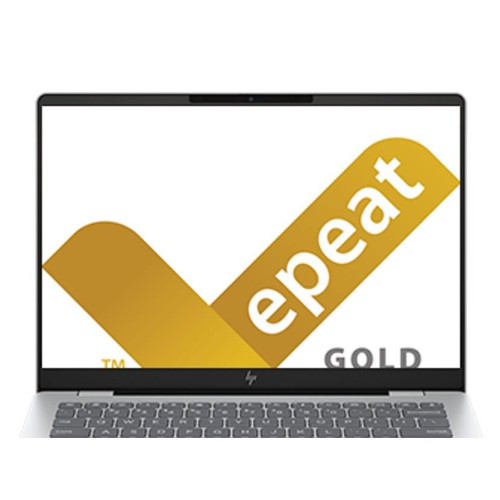 HP OmniBook 7 AI 14-fr0003nw Ultra 5 225U 14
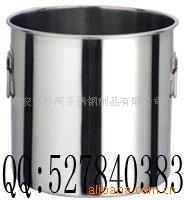 不锈钢汤桶,化工桶,制桶,炊具,金属制品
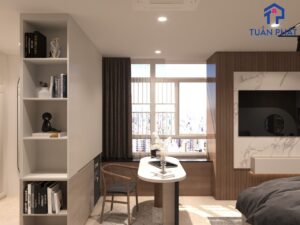 z2516102601090 0cbcc1861397762e7df0b57b500d1643 min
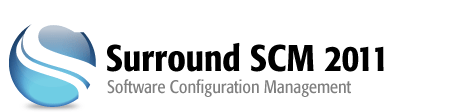 scm2011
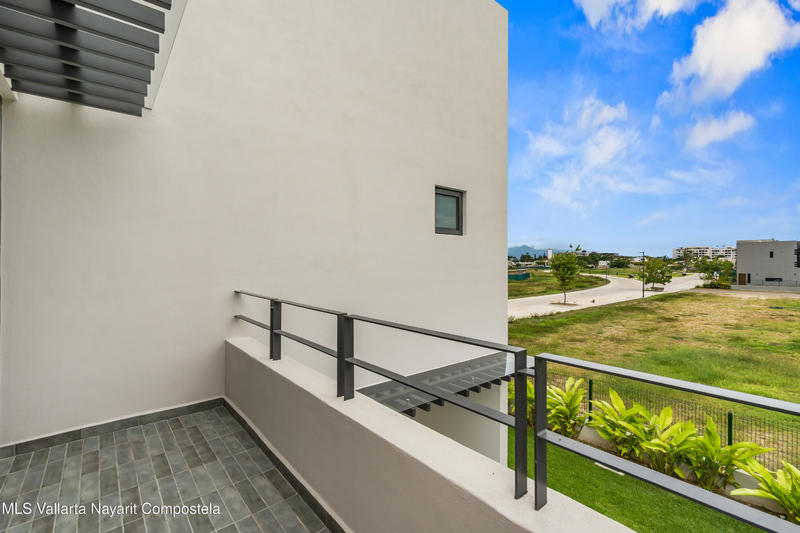 20251023032117241764000000 o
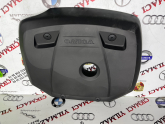 Oto Çıkma Parça / Volvo / V40 / Motor / Motor Kapağı / Çıkma Parça 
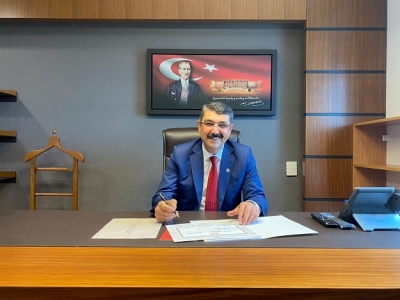 Batman'a 10 Yeni Doktor Kadrosu 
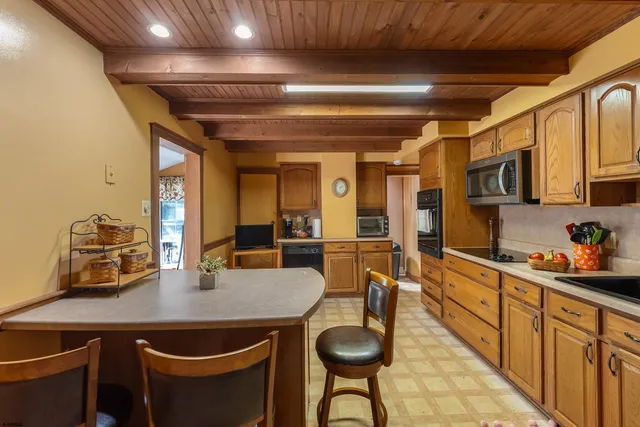 $350,000 | 225 Chestnut Neck Road, Port Republic, NJ 08241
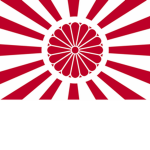 -Imperial Japan-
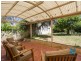 20 Bourke Street, Kensington WA 6151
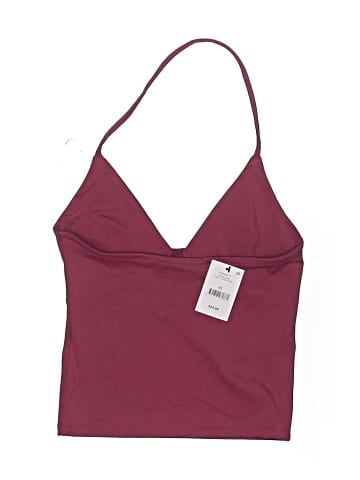 Cotton On Tank Top (view 2)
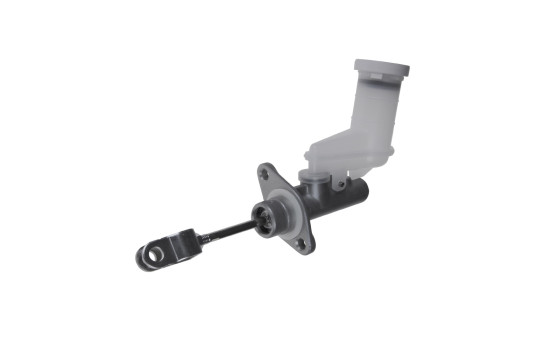 Master Cylinder, clutch ADC43434 Blue Print, Image 2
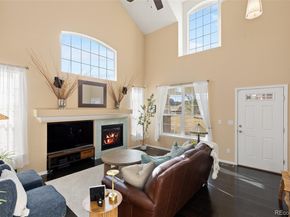 4721 Raven Run, Broomfield CO 80023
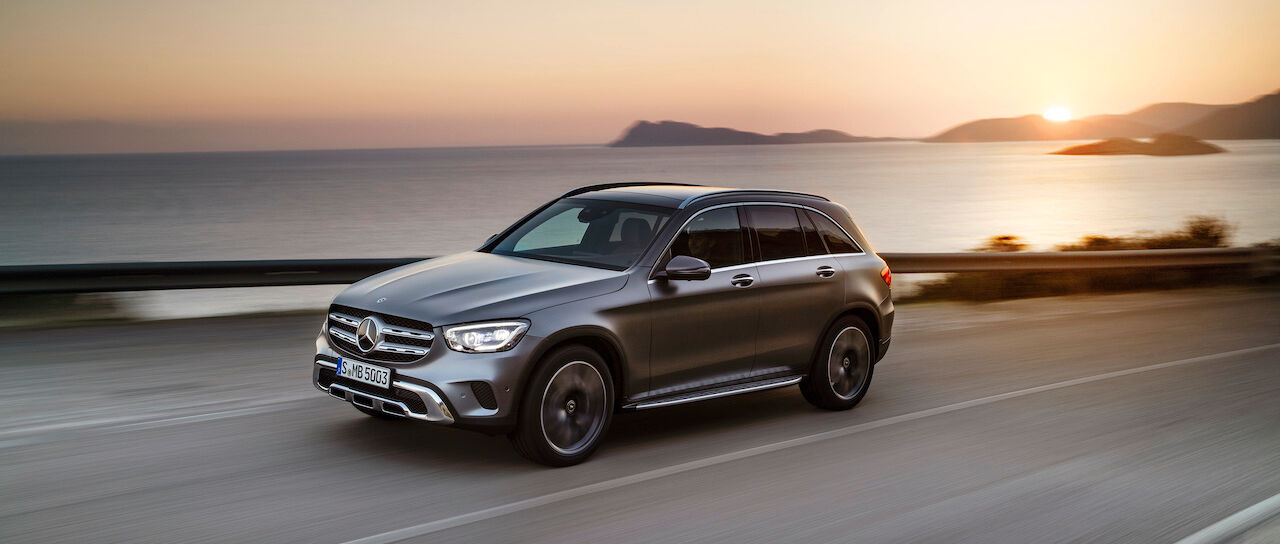 Todas las noticias de coches en un solo portal: Pruebas, fotos, vídeos, informes...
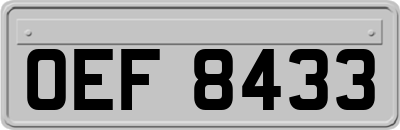 OEF8433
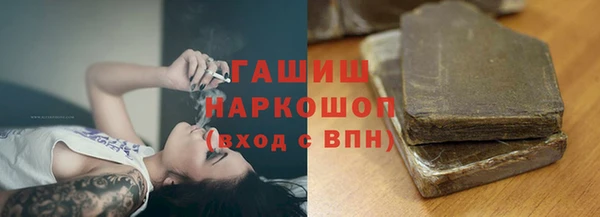 МДПВ Тайга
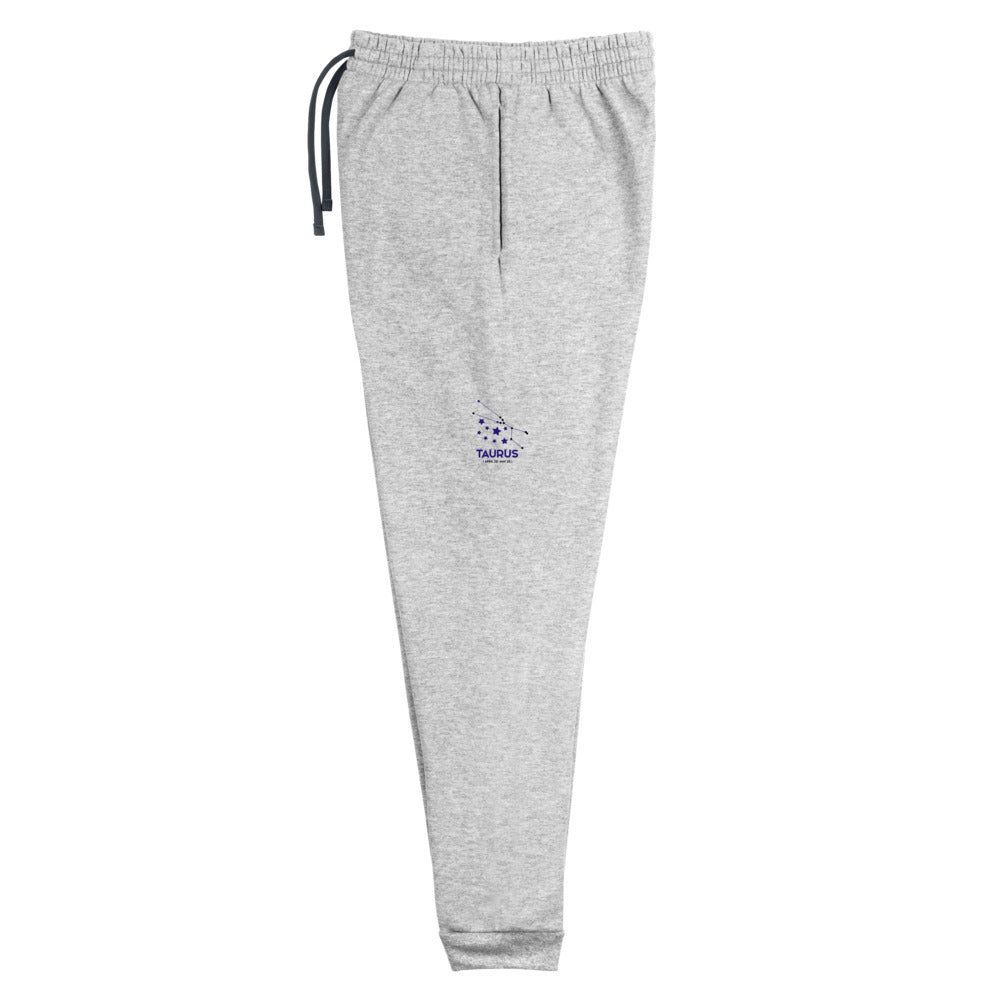 TAURUS - Unisex Joggers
-------
Would you retype all the lines shown above, exactly as written and without any picture?

- [Output for this task]
 HP OmniBook 7 AI 14-fr0003nw Ultra 5 225U 14
 不锈钢汤桶,化工桶,制桶,炊具,金属制品
 z2516102601090 0cbcc1861397762e7df0b57b500d1643 min
 scm2011
 20251023032117241764000000 o
 Oto Çıkma Parça / Volvo / V40 / Motor / Motor Kapağı / Çıkma Parça 
 Batman'a 10 Yeni Doktor Kadrosu 
 $350,000 | 225 Chestnut Neck Road, Port Republic, NJ 08241
 -Imperial Japan-
 20 Bourke Street, Kensington WA 6151
 Cotton On Tank Top (view 2)
 Master Cylinder, clutch ADC43434 Blue Print, Image 2
 4721 Raven Run, Broomfield CO 80023
 Todas las noticias de coches en un solo portal: Pruebas, fotos, vídeos, informes...
 OEF8433
 МДПВ Тайга
 TAURUS - Unisex Joggers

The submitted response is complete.